PORTALBERITA.CO.ID - Ketua Dewan Pengarah Badan Riset dan Inovasi Nasional (BRIN), Megawati Soekarnoputri, menyampaikan keprihatinan mendalam mengenai arah pembangunan nasional saat ini. Beliau menilai bahwa arah pembangunan tersebut telah menyimpang dari prinsip fundamental kedaulatan bangsa Indonesia.
Pernyataan penting ini disampaikan oleh Megawati saat berpartisipasi dalam forum National Policy Dialogue yang sangat strategis.

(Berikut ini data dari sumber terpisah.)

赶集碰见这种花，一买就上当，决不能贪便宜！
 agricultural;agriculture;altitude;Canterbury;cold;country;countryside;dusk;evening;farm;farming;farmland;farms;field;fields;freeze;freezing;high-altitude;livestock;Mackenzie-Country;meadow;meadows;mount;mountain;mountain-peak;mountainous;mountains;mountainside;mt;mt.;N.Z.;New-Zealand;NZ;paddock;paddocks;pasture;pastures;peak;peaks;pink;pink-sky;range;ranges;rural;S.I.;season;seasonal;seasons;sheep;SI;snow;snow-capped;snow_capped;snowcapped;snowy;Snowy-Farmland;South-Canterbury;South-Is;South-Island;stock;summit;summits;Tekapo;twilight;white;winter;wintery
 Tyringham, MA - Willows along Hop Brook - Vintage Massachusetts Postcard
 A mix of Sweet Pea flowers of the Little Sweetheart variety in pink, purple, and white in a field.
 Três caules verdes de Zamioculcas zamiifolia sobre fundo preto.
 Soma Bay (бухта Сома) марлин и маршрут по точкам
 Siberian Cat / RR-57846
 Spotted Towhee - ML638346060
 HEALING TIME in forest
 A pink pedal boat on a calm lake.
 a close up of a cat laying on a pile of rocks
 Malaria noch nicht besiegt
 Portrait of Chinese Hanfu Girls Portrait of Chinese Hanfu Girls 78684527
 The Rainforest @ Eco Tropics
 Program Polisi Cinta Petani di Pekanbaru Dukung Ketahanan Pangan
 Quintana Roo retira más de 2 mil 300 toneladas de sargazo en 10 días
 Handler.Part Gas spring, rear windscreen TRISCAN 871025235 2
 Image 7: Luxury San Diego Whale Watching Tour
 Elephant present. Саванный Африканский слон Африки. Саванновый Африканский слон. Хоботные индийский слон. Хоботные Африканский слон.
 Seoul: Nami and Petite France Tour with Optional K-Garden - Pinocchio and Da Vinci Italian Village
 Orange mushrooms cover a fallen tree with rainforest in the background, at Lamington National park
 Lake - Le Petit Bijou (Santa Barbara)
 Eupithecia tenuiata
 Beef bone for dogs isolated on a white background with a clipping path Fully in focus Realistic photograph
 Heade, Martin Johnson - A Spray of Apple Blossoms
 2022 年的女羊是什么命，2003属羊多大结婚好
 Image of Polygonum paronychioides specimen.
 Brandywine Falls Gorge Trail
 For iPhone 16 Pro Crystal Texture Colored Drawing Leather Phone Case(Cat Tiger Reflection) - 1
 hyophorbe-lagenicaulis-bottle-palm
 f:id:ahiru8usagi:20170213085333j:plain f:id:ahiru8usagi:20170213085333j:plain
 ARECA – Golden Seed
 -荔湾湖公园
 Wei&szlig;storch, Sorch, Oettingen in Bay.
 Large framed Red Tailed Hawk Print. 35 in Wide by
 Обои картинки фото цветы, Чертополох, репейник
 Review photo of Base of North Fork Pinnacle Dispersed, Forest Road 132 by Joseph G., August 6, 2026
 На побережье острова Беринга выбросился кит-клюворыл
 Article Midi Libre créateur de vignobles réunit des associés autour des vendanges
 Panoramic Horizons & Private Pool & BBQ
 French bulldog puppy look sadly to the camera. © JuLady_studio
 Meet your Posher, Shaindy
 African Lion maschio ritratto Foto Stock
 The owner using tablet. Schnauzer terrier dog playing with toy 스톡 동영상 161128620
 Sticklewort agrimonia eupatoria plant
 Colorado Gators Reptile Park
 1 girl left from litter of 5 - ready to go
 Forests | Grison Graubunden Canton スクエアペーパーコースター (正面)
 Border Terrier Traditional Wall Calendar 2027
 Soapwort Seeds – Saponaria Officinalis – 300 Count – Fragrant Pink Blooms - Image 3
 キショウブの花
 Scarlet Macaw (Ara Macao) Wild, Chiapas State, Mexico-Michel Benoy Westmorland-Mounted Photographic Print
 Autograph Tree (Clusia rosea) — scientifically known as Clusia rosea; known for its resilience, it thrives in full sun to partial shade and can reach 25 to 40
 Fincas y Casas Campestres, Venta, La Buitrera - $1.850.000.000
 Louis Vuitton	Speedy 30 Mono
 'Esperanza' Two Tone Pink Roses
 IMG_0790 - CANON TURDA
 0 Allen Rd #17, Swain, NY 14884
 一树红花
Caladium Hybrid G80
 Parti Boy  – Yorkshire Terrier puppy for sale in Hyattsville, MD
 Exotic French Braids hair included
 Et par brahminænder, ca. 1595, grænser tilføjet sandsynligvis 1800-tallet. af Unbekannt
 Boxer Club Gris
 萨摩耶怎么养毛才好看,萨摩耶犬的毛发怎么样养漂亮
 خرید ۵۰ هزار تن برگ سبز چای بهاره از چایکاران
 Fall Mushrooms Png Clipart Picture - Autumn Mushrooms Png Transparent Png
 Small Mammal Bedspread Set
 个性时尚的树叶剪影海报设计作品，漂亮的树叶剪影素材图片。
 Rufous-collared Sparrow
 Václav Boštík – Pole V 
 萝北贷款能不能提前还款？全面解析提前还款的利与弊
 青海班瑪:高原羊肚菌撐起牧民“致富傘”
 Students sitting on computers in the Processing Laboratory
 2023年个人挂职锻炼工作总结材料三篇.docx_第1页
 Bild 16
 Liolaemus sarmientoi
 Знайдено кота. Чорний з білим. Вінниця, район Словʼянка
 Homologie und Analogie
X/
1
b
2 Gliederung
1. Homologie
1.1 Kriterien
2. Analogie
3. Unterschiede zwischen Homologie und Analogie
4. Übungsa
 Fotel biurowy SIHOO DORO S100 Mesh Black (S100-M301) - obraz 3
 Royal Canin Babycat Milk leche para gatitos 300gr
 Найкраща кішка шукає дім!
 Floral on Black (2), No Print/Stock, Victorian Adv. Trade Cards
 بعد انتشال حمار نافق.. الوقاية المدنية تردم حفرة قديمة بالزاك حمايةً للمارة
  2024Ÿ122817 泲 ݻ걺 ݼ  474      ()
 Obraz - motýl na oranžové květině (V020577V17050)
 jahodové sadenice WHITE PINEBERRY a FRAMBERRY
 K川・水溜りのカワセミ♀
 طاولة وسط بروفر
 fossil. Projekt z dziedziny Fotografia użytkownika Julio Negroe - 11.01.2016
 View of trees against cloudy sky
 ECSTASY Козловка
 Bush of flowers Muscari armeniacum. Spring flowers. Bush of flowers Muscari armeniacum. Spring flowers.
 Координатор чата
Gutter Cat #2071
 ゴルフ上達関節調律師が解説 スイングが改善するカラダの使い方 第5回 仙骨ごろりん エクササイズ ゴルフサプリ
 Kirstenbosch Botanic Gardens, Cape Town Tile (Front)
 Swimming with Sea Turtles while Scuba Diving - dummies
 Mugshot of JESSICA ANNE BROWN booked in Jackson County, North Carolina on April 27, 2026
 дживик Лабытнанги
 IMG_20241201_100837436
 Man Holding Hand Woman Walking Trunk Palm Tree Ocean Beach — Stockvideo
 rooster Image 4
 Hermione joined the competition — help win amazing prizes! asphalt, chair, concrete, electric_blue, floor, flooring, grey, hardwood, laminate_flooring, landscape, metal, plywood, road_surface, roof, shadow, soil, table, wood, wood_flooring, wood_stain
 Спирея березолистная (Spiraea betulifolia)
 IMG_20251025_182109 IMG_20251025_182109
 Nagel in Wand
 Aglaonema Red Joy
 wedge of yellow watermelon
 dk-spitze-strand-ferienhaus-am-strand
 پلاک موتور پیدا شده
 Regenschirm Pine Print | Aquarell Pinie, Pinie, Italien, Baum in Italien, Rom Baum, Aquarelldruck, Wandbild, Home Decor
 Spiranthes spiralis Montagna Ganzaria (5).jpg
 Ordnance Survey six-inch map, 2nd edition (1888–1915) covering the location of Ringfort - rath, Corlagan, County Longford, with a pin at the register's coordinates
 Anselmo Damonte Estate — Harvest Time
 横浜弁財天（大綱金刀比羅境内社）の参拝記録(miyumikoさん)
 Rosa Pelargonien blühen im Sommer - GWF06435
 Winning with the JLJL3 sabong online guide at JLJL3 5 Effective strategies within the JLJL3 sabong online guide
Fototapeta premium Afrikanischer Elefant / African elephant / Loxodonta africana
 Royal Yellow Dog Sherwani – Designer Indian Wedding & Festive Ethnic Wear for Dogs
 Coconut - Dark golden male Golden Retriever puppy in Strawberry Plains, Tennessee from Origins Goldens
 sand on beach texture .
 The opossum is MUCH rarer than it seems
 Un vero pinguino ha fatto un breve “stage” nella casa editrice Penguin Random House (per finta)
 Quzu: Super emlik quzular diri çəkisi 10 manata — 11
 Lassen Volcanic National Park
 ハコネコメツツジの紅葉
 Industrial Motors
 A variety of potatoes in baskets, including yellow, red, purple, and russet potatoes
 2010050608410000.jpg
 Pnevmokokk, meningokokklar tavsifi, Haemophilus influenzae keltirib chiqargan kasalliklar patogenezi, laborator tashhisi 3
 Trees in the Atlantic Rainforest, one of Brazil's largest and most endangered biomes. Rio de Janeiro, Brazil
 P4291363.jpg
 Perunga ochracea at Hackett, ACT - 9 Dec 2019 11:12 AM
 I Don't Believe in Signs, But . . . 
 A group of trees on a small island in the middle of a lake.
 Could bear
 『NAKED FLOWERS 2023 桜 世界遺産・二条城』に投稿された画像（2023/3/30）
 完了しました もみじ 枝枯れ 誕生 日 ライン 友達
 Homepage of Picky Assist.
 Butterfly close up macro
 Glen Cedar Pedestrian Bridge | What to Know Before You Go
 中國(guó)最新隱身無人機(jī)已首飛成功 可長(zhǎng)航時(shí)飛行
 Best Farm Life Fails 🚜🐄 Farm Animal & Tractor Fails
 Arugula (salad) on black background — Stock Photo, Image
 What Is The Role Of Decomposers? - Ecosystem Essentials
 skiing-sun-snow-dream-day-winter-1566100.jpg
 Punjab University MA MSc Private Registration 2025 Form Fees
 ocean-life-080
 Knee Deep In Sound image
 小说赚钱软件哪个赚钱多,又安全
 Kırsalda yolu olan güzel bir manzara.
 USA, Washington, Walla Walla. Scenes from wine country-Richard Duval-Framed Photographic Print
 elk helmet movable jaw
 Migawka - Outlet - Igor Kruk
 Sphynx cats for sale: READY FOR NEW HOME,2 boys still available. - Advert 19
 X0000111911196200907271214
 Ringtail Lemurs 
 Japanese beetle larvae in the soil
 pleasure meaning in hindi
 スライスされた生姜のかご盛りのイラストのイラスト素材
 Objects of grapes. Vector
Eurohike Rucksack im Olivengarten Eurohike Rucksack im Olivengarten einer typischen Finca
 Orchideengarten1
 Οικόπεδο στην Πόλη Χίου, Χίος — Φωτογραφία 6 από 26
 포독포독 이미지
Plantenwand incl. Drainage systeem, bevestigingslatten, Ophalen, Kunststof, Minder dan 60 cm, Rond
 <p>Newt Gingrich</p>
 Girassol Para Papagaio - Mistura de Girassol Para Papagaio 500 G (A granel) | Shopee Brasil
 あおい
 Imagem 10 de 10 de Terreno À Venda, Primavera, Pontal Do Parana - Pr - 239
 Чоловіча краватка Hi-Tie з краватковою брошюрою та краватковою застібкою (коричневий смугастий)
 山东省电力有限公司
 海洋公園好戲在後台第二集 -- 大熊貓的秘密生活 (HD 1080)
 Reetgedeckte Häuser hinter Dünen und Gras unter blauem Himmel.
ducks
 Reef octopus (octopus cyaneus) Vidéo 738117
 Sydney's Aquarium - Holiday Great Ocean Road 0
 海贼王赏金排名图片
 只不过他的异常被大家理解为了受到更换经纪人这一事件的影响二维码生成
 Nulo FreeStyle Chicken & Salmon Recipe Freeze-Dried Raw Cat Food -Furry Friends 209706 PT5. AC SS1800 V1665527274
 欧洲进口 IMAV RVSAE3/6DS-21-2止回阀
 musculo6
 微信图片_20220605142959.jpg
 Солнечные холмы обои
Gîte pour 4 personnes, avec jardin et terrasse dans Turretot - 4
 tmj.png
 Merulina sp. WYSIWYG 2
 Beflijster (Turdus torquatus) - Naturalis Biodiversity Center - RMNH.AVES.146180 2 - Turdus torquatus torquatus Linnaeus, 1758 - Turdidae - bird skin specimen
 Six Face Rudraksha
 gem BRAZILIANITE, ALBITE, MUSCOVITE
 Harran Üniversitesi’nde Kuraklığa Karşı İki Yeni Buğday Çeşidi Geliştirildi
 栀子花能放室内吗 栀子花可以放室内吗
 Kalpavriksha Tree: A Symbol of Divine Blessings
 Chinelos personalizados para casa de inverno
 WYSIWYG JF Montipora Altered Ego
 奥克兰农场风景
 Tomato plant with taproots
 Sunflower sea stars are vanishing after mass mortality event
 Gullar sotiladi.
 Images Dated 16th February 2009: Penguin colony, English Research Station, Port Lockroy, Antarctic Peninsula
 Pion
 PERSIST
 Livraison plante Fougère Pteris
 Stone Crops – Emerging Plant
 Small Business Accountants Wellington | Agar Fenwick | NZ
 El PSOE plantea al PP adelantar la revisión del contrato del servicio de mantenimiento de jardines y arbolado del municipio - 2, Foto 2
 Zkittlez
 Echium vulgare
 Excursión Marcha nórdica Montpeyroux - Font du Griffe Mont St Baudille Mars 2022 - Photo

Forum tersebut diselenggarakan secara resmi di Balai Senat Universitas Gadjah Mada (UGM) pada hari Jumat, 22 Mei lalu.
Fokus utama dari kritik yang disampaikan adalah mengenai dampak negatif dari pendekatan pengelolaan sumber daya alam yang bersifat ekstraktif. Pendekatan ini, menurutnya, seringkali mengabaikan aspek penting keberlanjutan lingkungan hidup.
Dampak nyata dari paradigma pengelolaan yang keliru ini terlihat jelas dari fenomena alih fungsi lahan pertanian yang terjadi secara masif di berbagai daerah. Selain itu, hak-hak masyarakat adat setempat juga kerap kali terpinggirkan dalam proses pembangunan.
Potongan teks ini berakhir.